# 08 · Feature Materialization

Este cuaderno genera splits enriquecidos (train/val/test) con todas las variables derivadas del FEN y del target.

**Objetivos:**
- reutilizar las utilidades de `functions/fen_analyzer.py`.
- calcular métricas de material, ventajas por pieza y flags de calidad del objetivo.
- guardar los resultados en `data/processed/enriched/*_enriched.parquet`.

In [1]:
import sys, gc
from pathlib import Path
from collections import Counter

import numpy as np
import pandas as pd
from tqdm.auto import tqdm

sys.path.append('..')
from functions.fen_analyzer import (
    extract_active_turn,
    extract_castling_rights,
    extract_queen_presence,
    extract_bishop_parity,
)


  from .autonotebook import tqdm as notebook_tqdm


In [2]:
DATA_DIR = Path('..') / 'data' / 'processed'
ENRICHED_DIR = DATA_DIR / 'enriched'
ENRICHED_DIR.mkdir(parents=True, exist_ok=True)

SPLITS = {
    'training': DATA_DIR / 'training_data.parquet',
    'validation': DATA_DIR / 'validation_data.parquet',
    'testing': DATA_DIR / 'testing_data.parquet',
}

print('Splits detectados:')
for name, path in SPLITS.items():
    print(f'  · {name}: {path.name}')
print(f'Enriquecidos se guardarán en: {ENRICHED_DIR}')


Splits detectados:
  · training: training_data.parquet
  · validation: validation_data.parquet
  · testing: testing_data.parquet
Enriquecidos se guardarán en: ..\data\processed\enriched


In [3]:
def eval_to_centipawns(eval_str: str) -> float:
    s = str(eval_str).strip()
    if not s:
        return 0.0
    if s.startswith('#'):
        try:
            return 10000.0 if float(s[1:]) >= 0 else -10000.0
        except Exception:
            return 0.0
    try:
        val = float(s)
    except Exception:
        return 0.0
    return val * 100.0 if '.' in s else val

def cp_to_class(cp: float, thr: int = 150) -> int:
    if cp > thr:
        return 0
    if cp < -thr:
        return 2
    return 1

def build_eval_frame(df: pd.DataFrame) -> pd.DataFrame:
    eval_series = df['Evaluation'].astype('string')
    cp_values = eval_series.map(eval_to_centipawns).astype(np.float32)
    is_mate = eval_series.str.startswith('#').fillna(False)
    clipped = cp_values.clip(-1500, 1500)
    is_outlier = cp_values.abs() > 1000
    classes = cp_values.map(cp_to_class).astype('int8')
    return pd.DataFrame({
        'evaluation_cp': cp_values,
        'evaluation_cp_clipped': clipped,
        'eval_class_white': classes,
        'is_mate': is_mate,
        'is_outlier_cp': is_outlier,
    })

def remap_class_to_active(class_series: pd.Series, side_to_move: pd.Series) -> pd.Series:
    class_arr = class_series.to_numpy().copy()
    mask_black = side_to_move.eq('black').to_numpy()
    class_arr[mask_black] = 2 - class_arr[mask_black]
    return pd.Series(class_arr, index=class_series.index, name='eval_class_active')


In [4]:
PIECE_VALUES = {'P': 1, 'N': 3, 'B': 3, 'R': 5, 'Q': 9, 'K': 0}
PIECE_KEYS = list('PNBRQKpnbrqk')

def split_fen_columns(fen_series: pd.Series) -> pd.DataFrame:
    parts = fen_series.astype('string').str.split(' ', n=5, expand=True)
    parts.columns = ['board', 'turn', 'castling', 'ep', 'halfmove', 'fullmove']
    return parts

def board_counters(board_str: str) -> Counter:
    return Counter(ch for ch in board_str if ch.isalpha())
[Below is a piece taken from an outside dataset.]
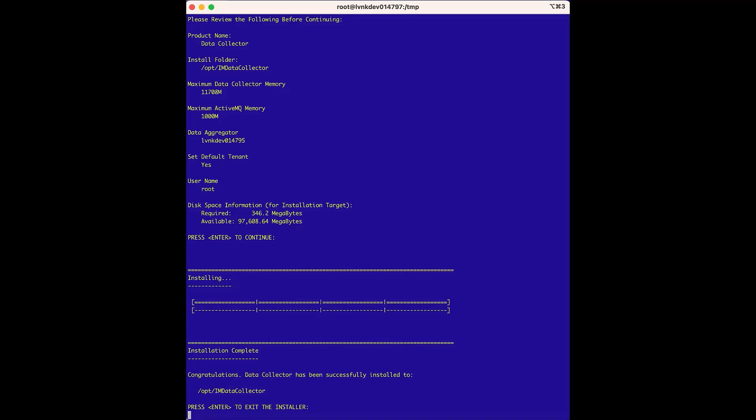So at this point in the installation process, we have a data collector associated with a data aggregator, a data aggregator associated with a data repository, and we have an independent DXNetOps portal server that has not yet associated with any of the three components yet, which we will do next.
def compute_material_features(board_series: pd.Series) -> pd.DataFrame:
    records = []
    for board in tqdm(board_series, desc='Material features'):
        counts = board_counters(board)
        rec = {}
        for key in PIECE_KEYS:
            color = 'white' if key.isupper() else 'black'
            rec[f'{color}_{key.upper()}'] = counts.get(key, 0)
        white_material = sum(PIECE_VALUES[p] * rec[f'white_{p}'] for p in PIECE_VALUES)
        black_material = sum(PIECE_VALUES[p] * rec[f'black_{p}'] for p in PIECE_VALUES)
        rec['white_material'] = white_material
        rec['black_material'] = black_material
        rec['material_difference'] = white_material - black_material
        rec['total_pieces'] = sum(rec[f'white_{p}'] + rec[f'black_{p}'] for p in PIECE_VALUES)
        rec['pawn_advantage'] = rec['white_P'] - rec['black_P']
        rec['knight_advantage'] = rec['white_N'] - rec['black_N']
        rec['bishop_advantage'] = rec['white_B'] - rec['black_B']
        rec['rook_advantage'] = rec['white_R'] - rec['black_R']
        rec['queen_advantage'] = rec['white_Q'] - rec['black_Q']
        records.append(rec)
    mat_df = pd.DataFrame(records, index=board_series.index)
    bins = [-1, 16, 24, 32]
    labels = ['endgame', 'middlegame', 'opening']
    mat_df['phase_bucket'] = pd.cut(mat_df['total_pieces'], bins=bins, labels=labels, right=True, include_lowest=True)
    return mat_df


In [5]:
def enrich_dataframe(df: pd.DataFrame, dataset_name: str) -> pd.DataFrame:
    fen_series = df['FEN'].astype('string')
    eval_features = build_eval_frame(df)
    fen_features = split_fen_columns(fen_series)
    board_series = fen_features['board']

    side_to_move = extract_active_turn(fen_series)
    castling = extract_castling_rights(fen_series)
    queens = extract_queen_presence(fen_series)
    bishops = extract_bishop_parity(fen_series)
    material = compute_material_features(board_series)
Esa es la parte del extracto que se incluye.